[[ Provided records open ]]

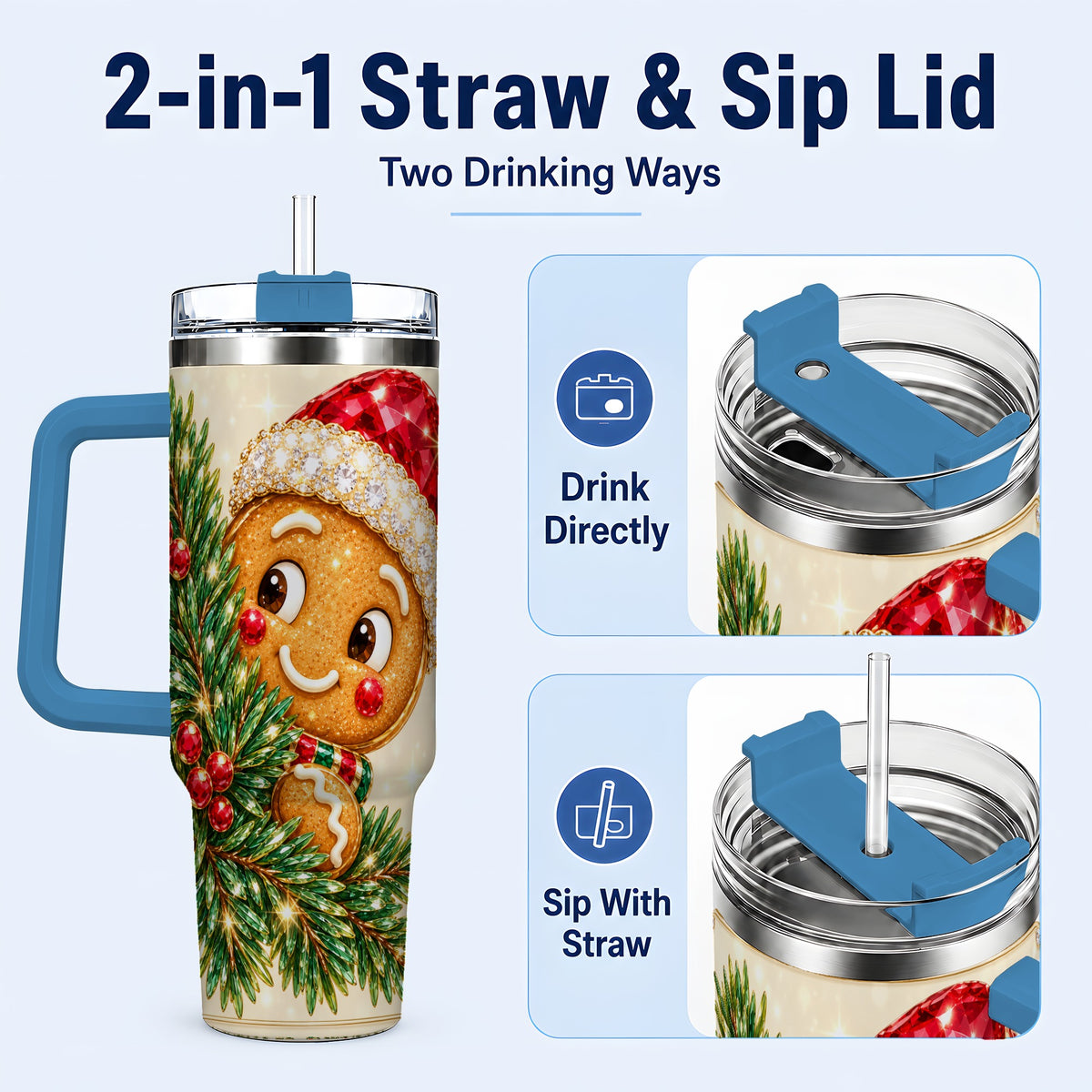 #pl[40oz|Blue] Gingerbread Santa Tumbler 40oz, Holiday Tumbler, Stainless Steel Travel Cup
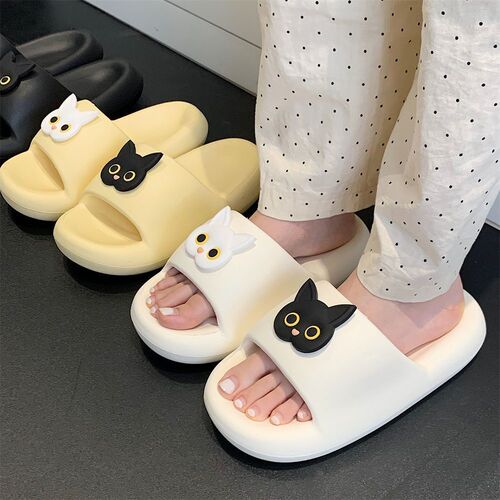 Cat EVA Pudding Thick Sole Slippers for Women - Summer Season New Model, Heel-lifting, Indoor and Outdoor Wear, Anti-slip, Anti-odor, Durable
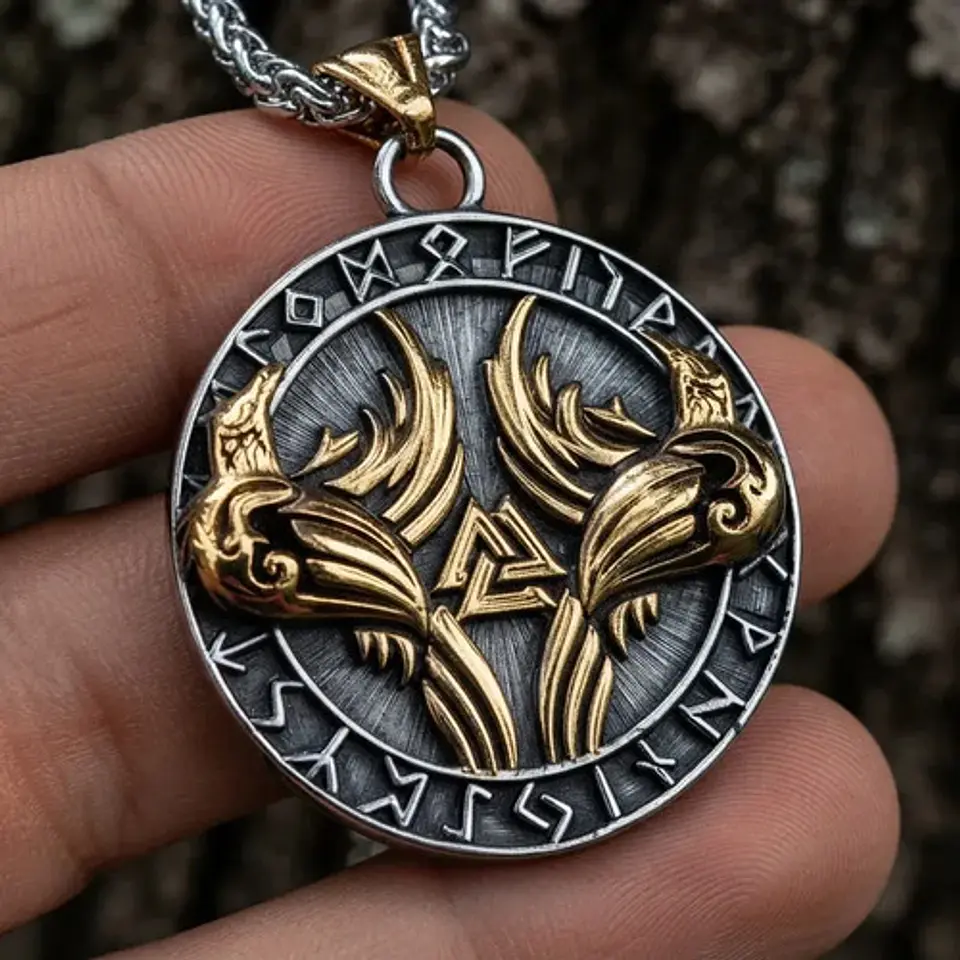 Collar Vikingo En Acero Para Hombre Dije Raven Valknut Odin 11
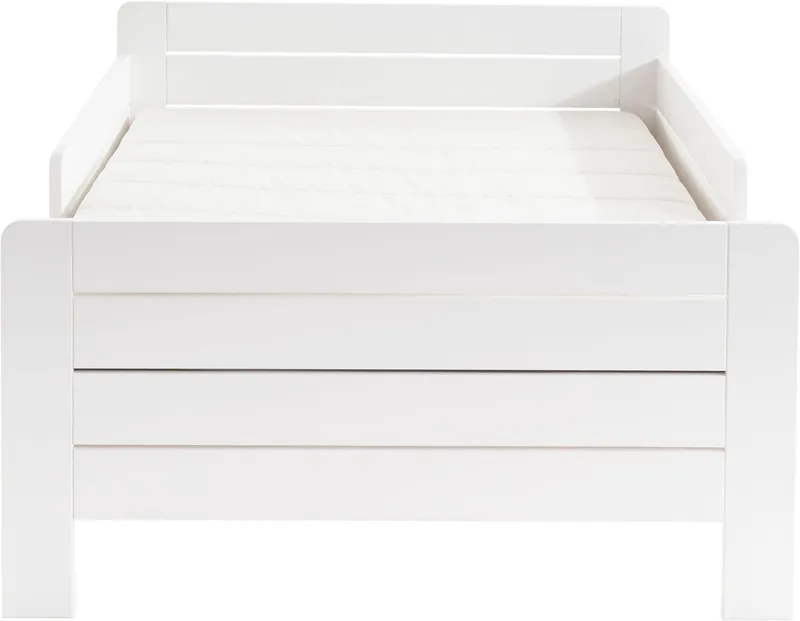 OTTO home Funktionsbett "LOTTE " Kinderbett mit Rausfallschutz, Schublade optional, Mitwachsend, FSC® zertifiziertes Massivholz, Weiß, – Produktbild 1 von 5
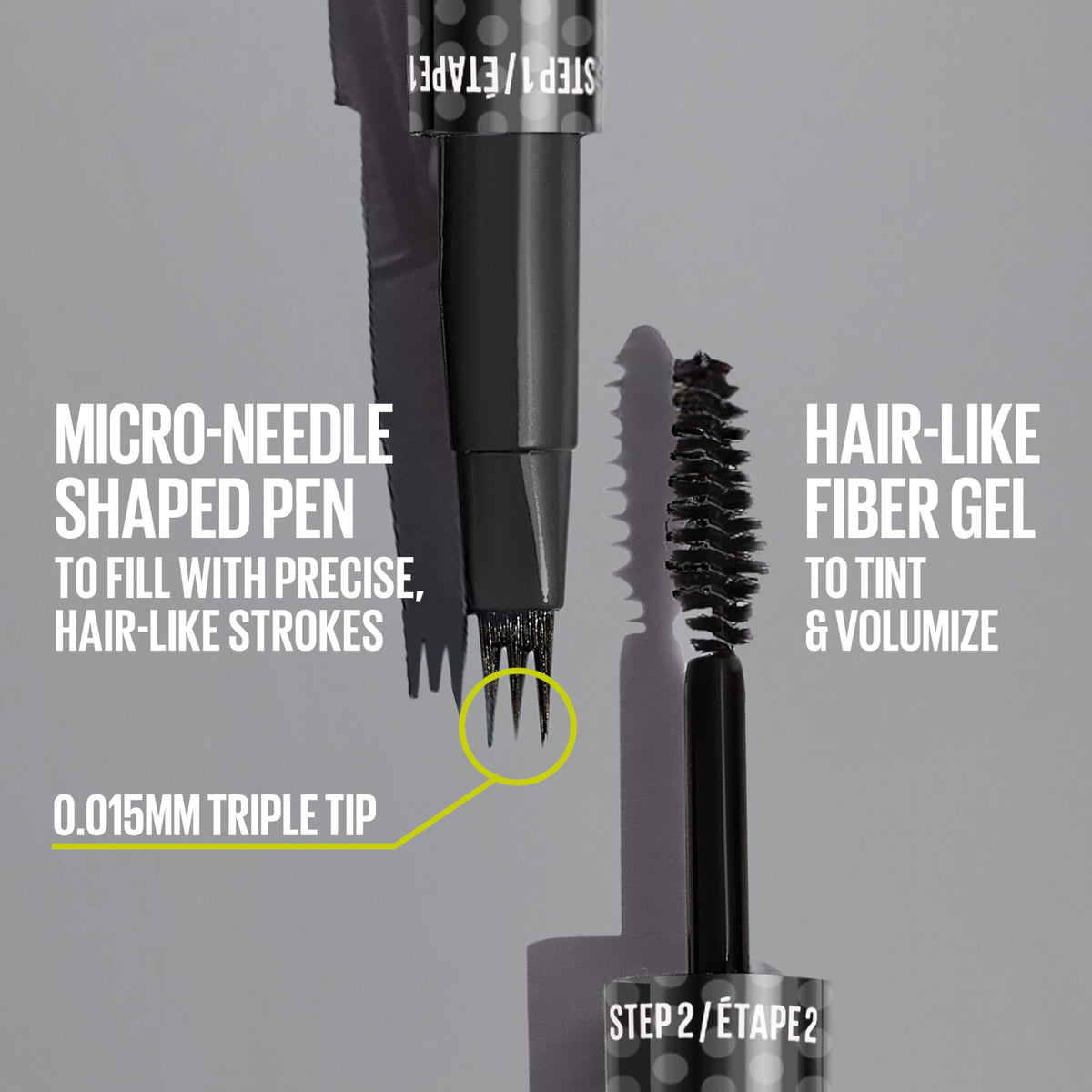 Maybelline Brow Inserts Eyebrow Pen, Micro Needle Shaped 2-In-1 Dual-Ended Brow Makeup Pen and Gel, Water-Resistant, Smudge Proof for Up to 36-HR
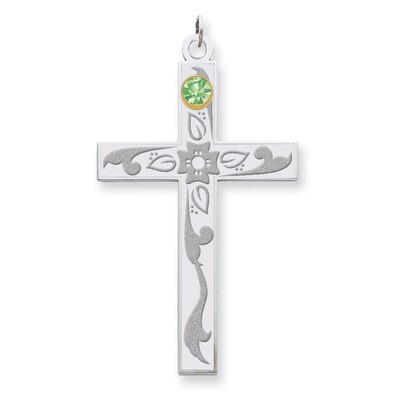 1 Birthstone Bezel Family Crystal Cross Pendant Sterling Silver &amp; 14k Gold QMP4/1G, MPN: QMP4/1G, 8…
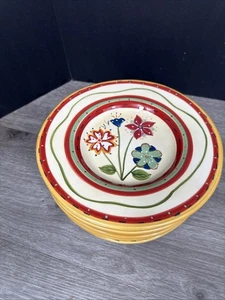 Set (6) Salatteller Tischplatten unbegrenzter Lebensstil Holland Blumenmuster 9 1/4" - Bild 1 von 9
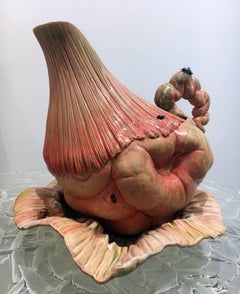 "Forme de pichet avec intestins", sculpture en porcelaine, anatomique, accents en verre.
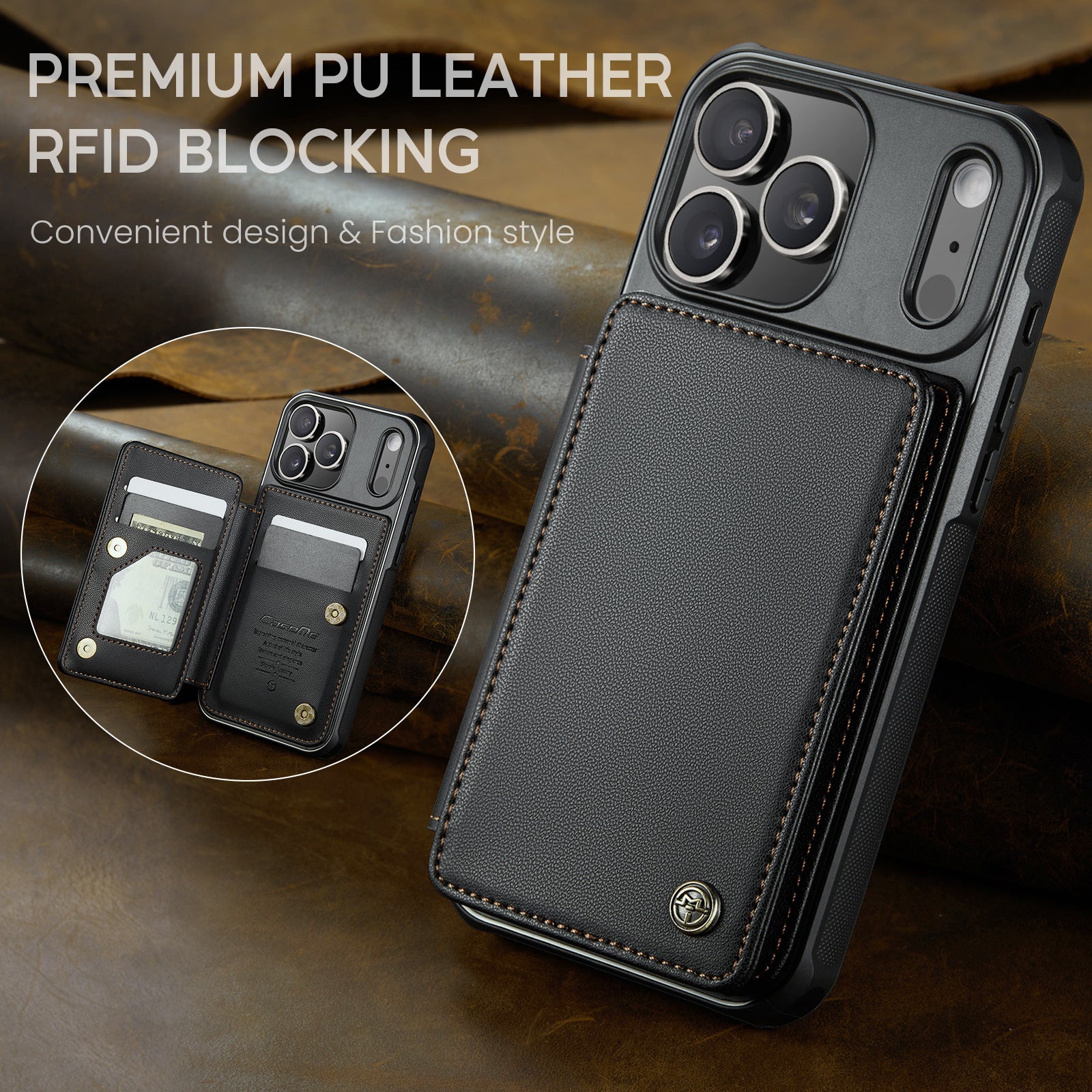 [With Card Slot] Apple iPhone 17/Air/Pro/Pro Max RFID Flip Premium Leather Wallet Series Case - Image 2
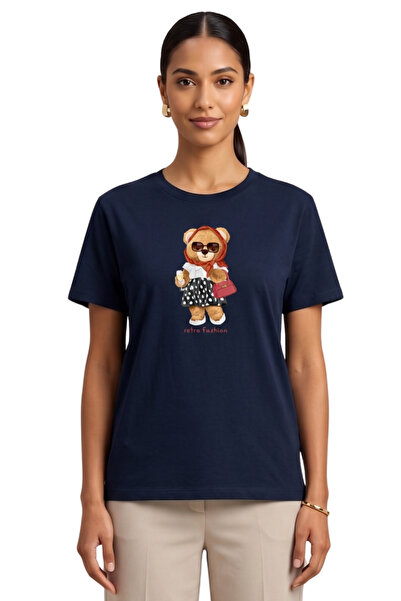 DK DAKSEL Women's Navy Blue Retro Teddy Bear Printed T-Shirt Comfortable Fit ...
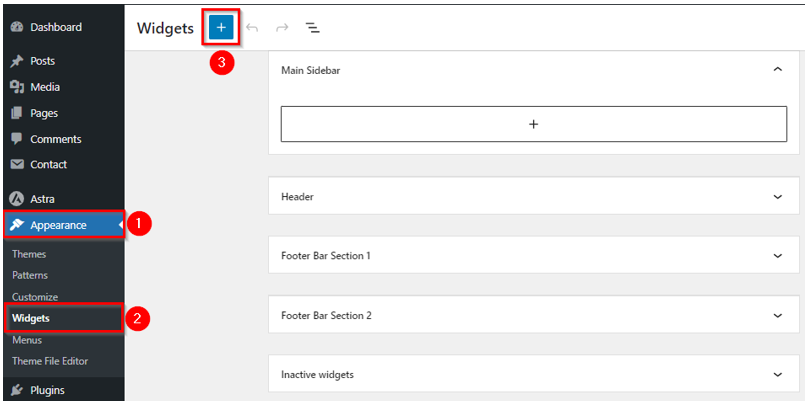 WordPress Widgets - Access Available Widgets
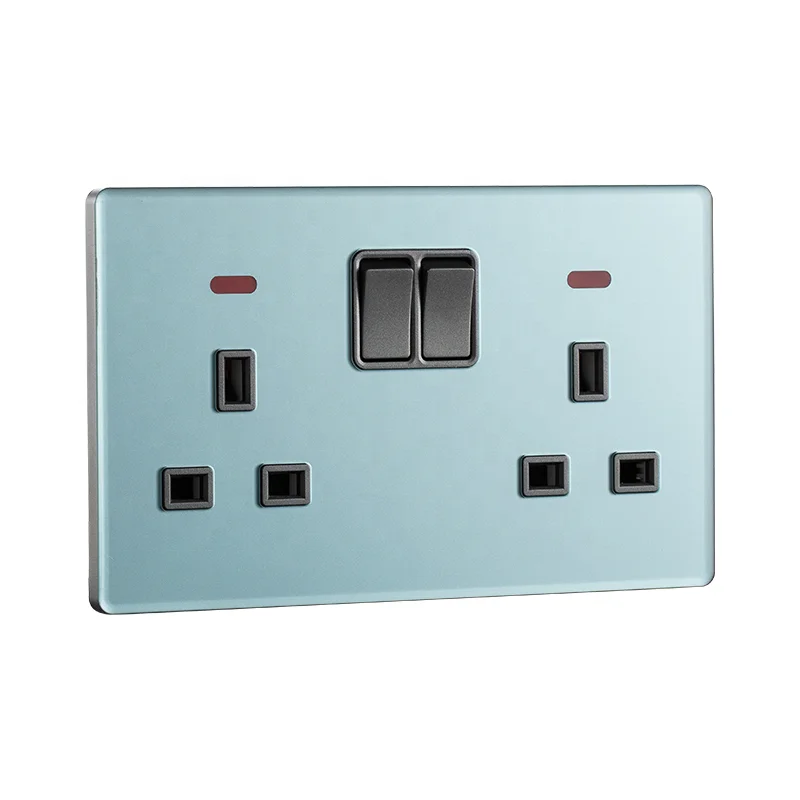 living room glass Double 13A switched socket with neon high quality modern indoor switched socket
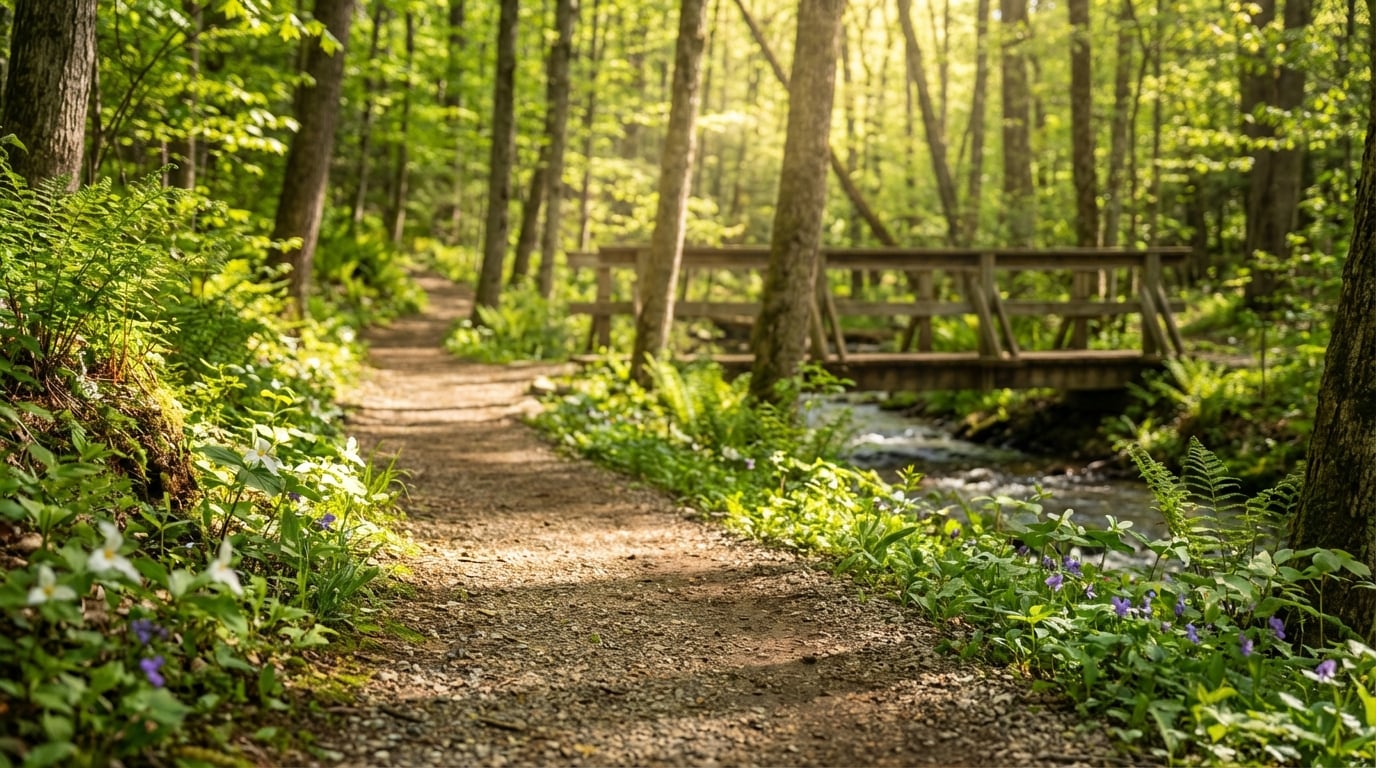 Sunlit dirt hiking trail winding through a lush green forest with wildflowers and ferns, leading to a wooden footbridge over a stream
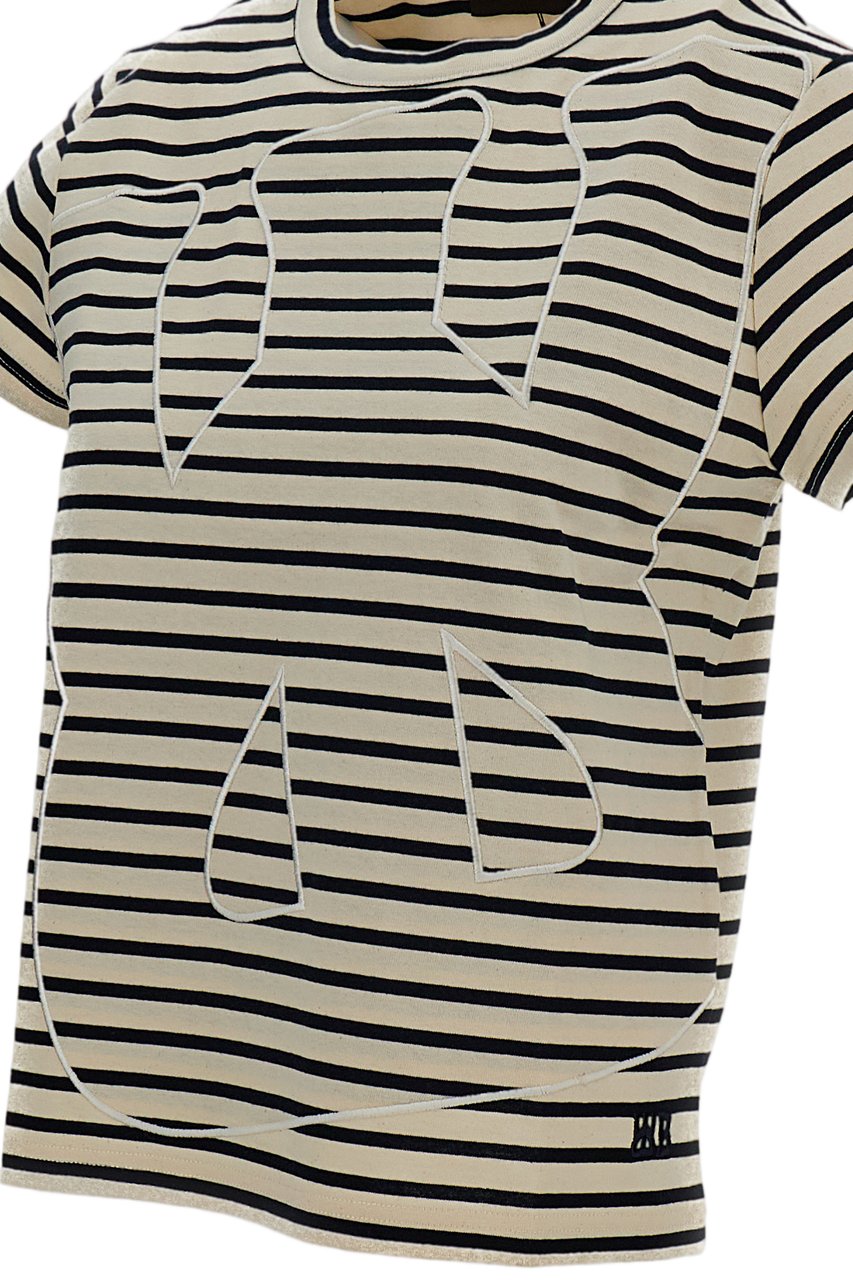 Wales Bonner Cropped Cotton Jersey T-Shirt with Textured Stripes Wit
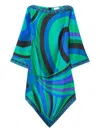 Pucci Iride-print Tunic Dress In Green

[[ Provided records closed ]]

■ Your objective
Your output should be the lines from the one with "Sunlit dirt hiking" through the end of the listing, copied exactly and with the pictures left out.

■ Task answer
 Sunlit dirt hiking trail winding through a lush green forest with wildflowers and ferns, leading to a wooden footbridge over a stream
 Wales Bonner Cropped Cotton Jersey T-Shirt with Textured Stripes Wit
 Pucci Iride-print Tunic Dress In Green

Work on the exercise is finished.